With reference to the other two embodiments of the inventive method that have been described afore, it is worth noticing that this further embodiment, based on the use of a data transceiving unit 50 operating according to the mobile-telephone standard mode, has the peculiar advantage of allowing for some devices, such as the computer 15 connected to the Internet and/or the mobile phone, to be excluded, i.e. done away with, thereby enabling the total time needed for a key to be duplicated to be drastically cut. In particular, the need is furthermore done away with for buttons or dials to be struck or actuated manually on the telephone and the read/write unit 13 (in the second embodiment), thereby eliminating any error possibility by the operator.

It will of course be readily appreciated that this further embodiment of the invention, based on the use of a data transceiving unit 50 operating according to the mobile-telephone standard mode, can be implemented in a number of different manners as far as both the configuration of the system and the use of other mobile-telephone standards are concerned. So, for example, the possibility is given for a data transceiving unit to be provided, which uses the UMTS standard, while providing the system with related hardware or software interfaces as appropriate. In addition, the data transceiving unit operating according to the mobile-telephone standard may be integrated in the read/write unit 13. In other words, all devices that can be connected to or integrated in the read/write unit 13, as provided to transmit and receive data to and from the remote data processing centre 26 and making use - to such purpose - of any communication protocol whatsoever, fall within the scope of the present invention.

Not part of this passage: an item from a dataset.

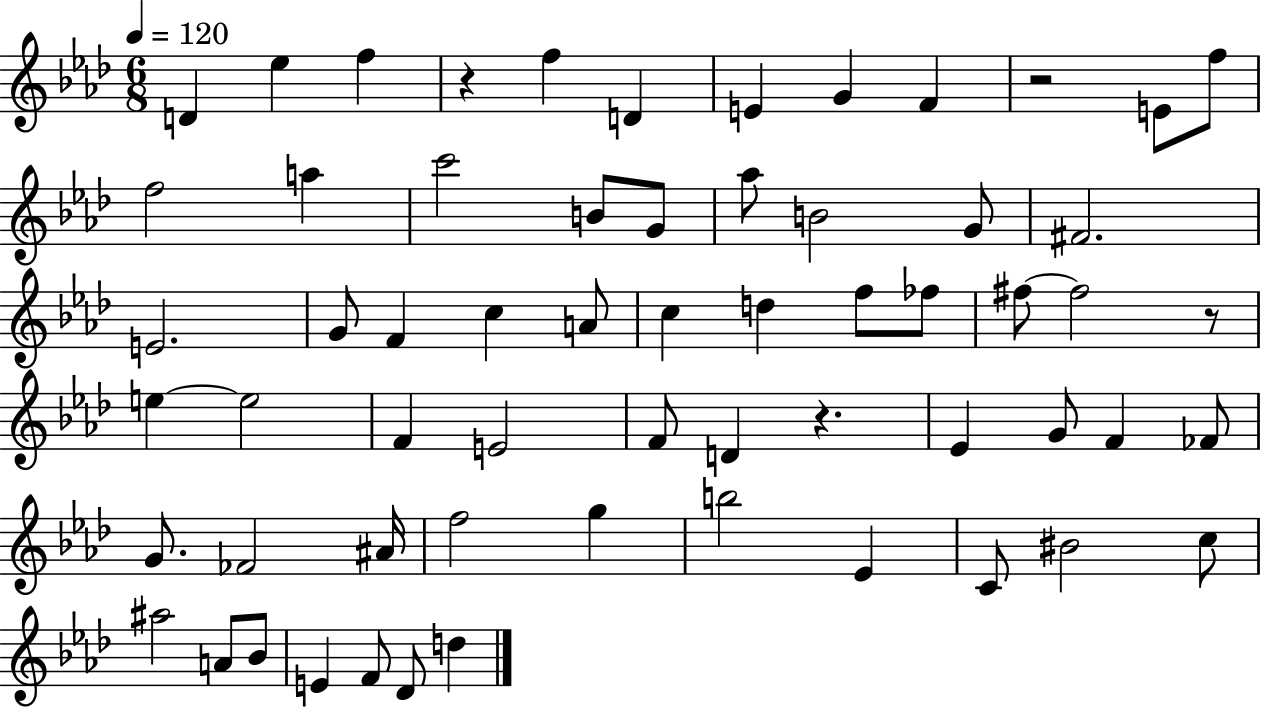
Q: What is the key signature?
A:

Therefore, the whole key duplication process can be considered as being effectively and fully protected, since data are in all cases and invariably transmitted and received in an encrypted form, while the identification data of the key 10 to be duplicated are available in the read/write unit 13 solely for the time that is strictly required to complete the programming operation. The whole set of operations to be carried out requires a time varying from just a few seconds up to a maximum of three minutes, thanks to the rapidity of the telematic transmission mode and the huge computing and processing capacity available at the remote data processing centre.

The particularly important fact should further be noticed that the whole key duplication process does by no way make use of any fixed database to be accessed to for a recognition by direct comparison, but is rather based on an autonomous computing and processing operation dedicated to each single transaction.

Accordingly, the system according to the present invention fully reaches the afore-noted aims by in particular allowing electronic keys of the encrypted type to be duplicated in a process that is handled and managed in a fully centralized manner, without any need arising for access to be gained to proprietary

databases, which would make it necessary for additional security devices to be used in view of ensuring the required level of secrecy. Moreover, the use of a mainframe computer for processing the data enables extremely quick responses to be obtained for complete user's satisfaction.